═══ INFORMATION SHOWN

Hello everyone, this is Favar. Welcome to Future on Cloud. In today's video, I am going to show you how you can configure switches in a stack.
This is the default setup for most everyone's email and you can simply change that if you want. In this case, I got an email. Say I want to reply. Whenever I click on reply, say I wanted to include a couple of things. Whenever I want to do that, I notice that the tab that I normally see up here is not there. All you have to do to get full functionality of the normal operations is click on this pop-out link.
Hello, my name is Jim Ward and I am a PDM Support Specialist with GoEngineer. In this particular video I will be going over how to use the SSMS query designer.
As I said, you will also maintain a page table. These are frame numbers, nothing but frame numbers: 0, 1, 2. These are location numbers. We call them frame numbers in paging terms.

══════

PROBLEM:
An exact copy of the listing is what's needed here.

YOUR SOLUTION:
Hello everyone, this is Favar. Welcome to Future on Cloud. In today's video, I am going to show you how you can configure switches in a stack.
This is the default setup for most everyone's email and you can simply change that if you want. In this case, I got an email. Say I want to reply. Whenever I click on reply, say I wanted to include a couple of things. Whenever I want to do that, I notice that the tab that I normally see up here is not there. All you have to do to get full functionality of the normal operations is click on this pop-out link.
Hello, my name is Jim Ward and I am a PDM Support Specialist with GoEngineer. In this particular video I will be going over how to use the SSMS query designer.
As I said, you will also maintain a page table. These are frame numbers, nothing but frame numbers: 0, 1, 2. These are location numbers. We call them frame numbers in paging terms.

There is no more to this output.